Town in ancient Lycia

Eudocia (Εὐδοκία) was a town in ancient Lycia.

Although William Smith's Dictionary of Greek and Roman Geography (1854) said that the Synecdemus of Hierocles mentions four towns in Asia Minor called Eudocia (Εὐδοκία), including one in Lycia, other scholars report the Synecdemus as calling one or more of them Eudocias or Eudoxias. and the name of the Lycian town as it appears in the text of the Synecdemus as edited by Parthey in 1866 is clearly Eudocias (Εὐδοκιάς), while noting that in some Notitiae Episcopatuum the name is given as Eudoxias (Εὐδοξιάς).

Le Quien, who mentions no town in Lycia called Eudocia, says that the Synecdemus called a town in Lycia Eudocias and one in Pamphylia Eudoxias, but that other sources speak of the Pamphylian town also as Eudocias. He sees in the presence in the Synecdemus both of a Lycian Telmessus and a Lycian Eudocias and also of a Pamphylian Termessus and a Pamphylian Eudoxias or Eudocias proof that they were all distinct cities. It is curious then that, although, when speaking of Telmessus, he says that it was the Pamphylian Termessus and the Pamphylian Eudocias that for long had the same bishop, when he speaks of the Lycian Eudocias, he attributes to that see the same bishops that he attributes elsewhere to the Pamphylian Eudocias, calling the two most ancient one either bishops of Telmessus and Eudocias (when speaking of Lycia) or bishops of Termessus and Eudocias (when speaking of Pamphylia). The bishops that he mentions for both towns that he calls Eudocias are Timotheus (at the 431 Council of Ephesus), Zenodotus (at the 451 Council of Ephesus), and Photius or Photinus (at the 787 Second Council of Nicaea).

The more recent study by Gams makes no mention of any bishopric in Lycia called either Eudocias or Eudocia, but mentions both the Lycian Telmessus and the Pamphylian Termessus and Eudocias.

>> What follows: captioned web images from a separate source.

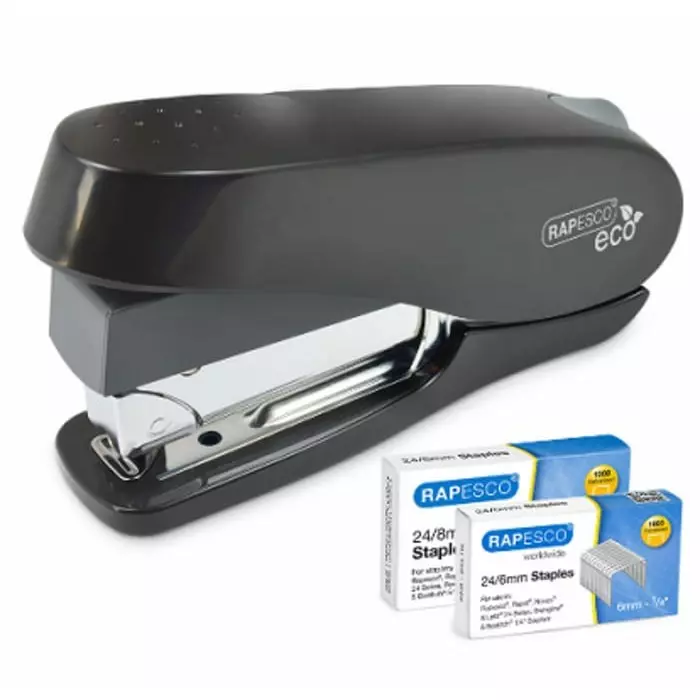 Rapesco 1466 Half Strip Stapler 50 Sheet Capacity 24/6 mm 24/8 mm Staple Size, 30346RA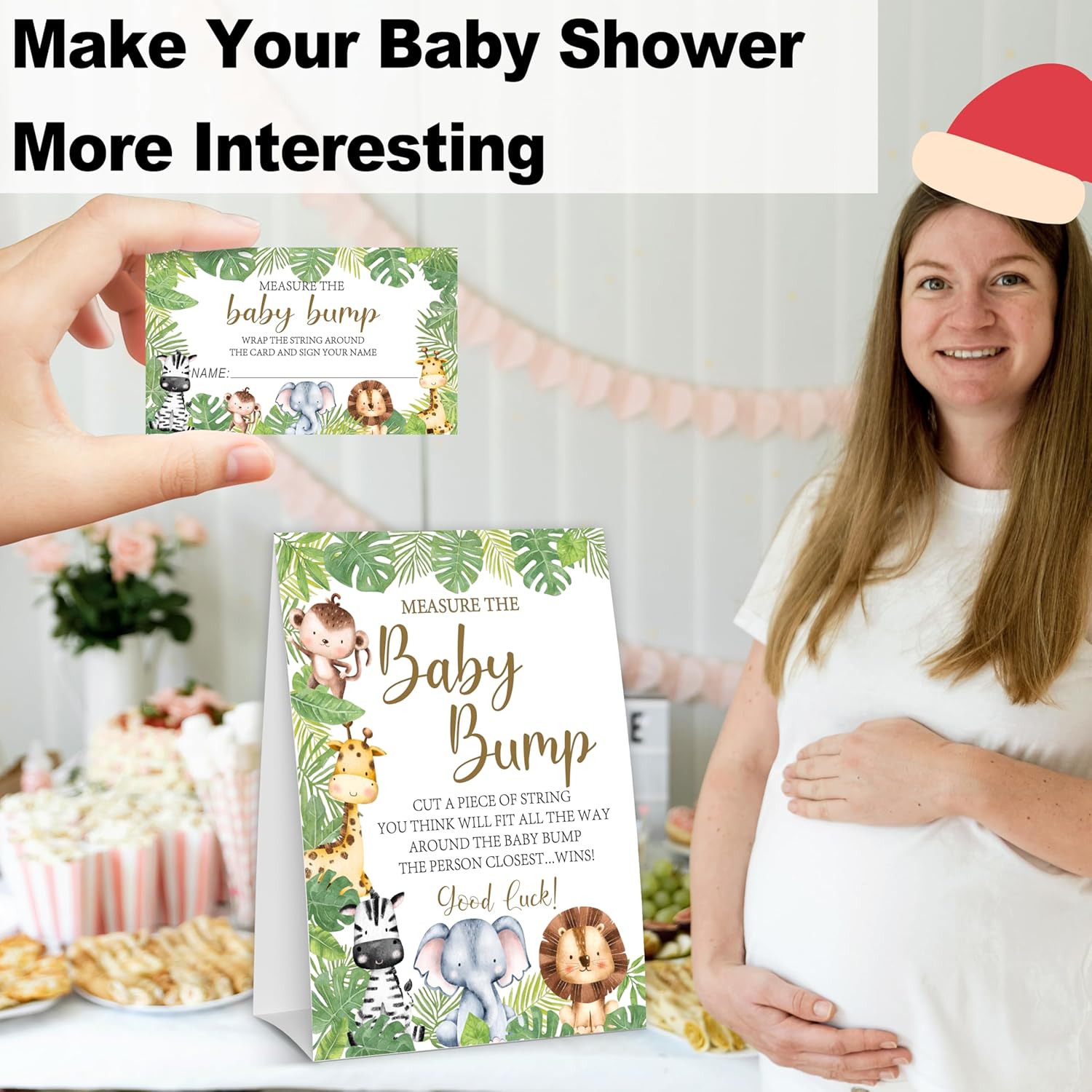 How Big Is Mommys Belly Game, Measure The Baby Bump, Safari Jungle Animals Baby Shower Party Game & Decorations, 1 Sign & 50 Guess Cards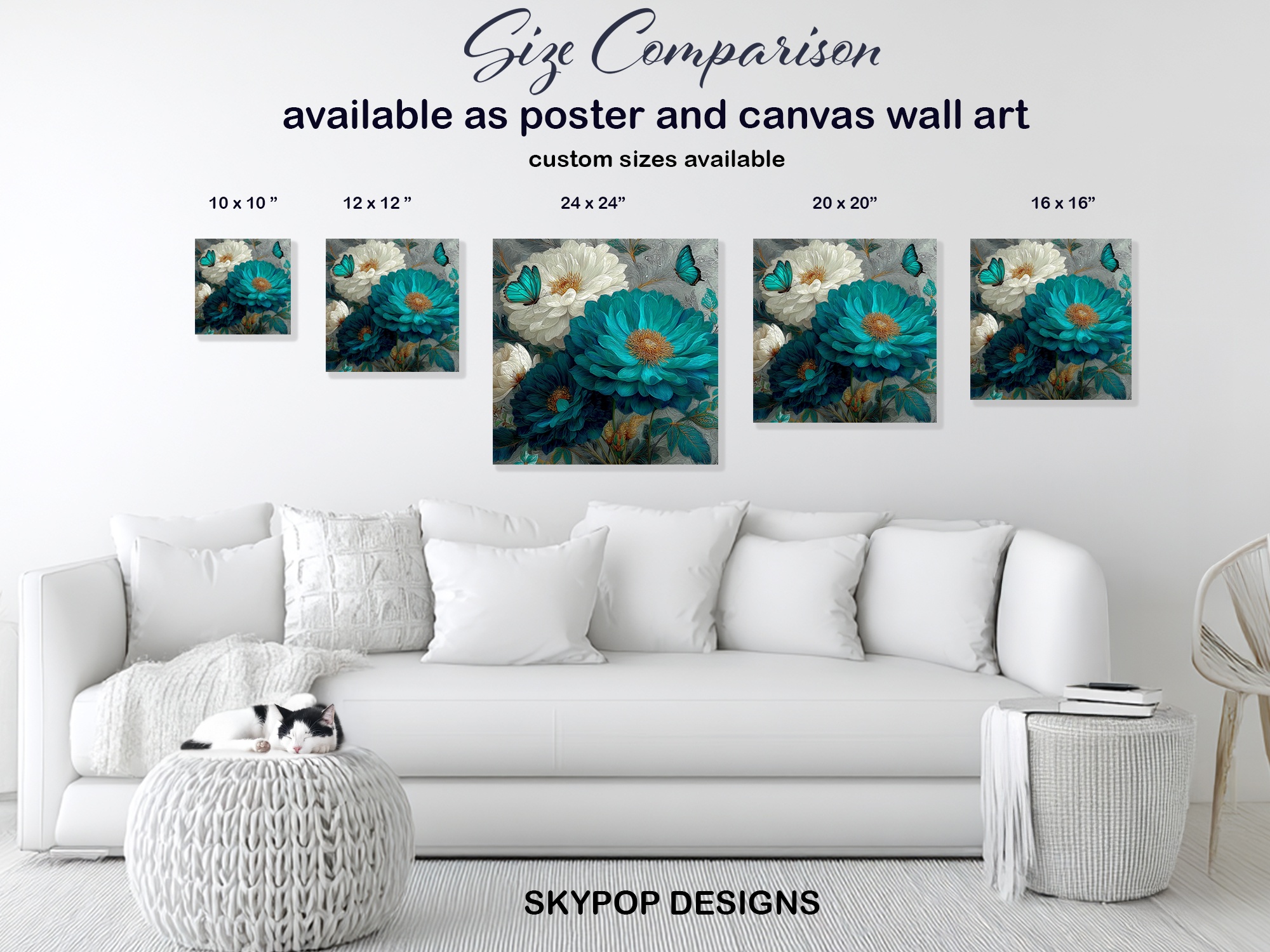 7.jpg Teal Peony Butterfly Art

The Annuario Pontificio speaks of a no longer residential, and therefore now titular, episcopal see in the Roman province of Lycia as called Eudocia. It was a suffragan of Myra, the metropolitan see and capital of that province. The Annuario Pontificio states that the town that it calls Eudocia was near Makri, the name that at least by the 9th century was given to the city previously called Telmessus, which is now Fethiye, Muğla Province, Turkey.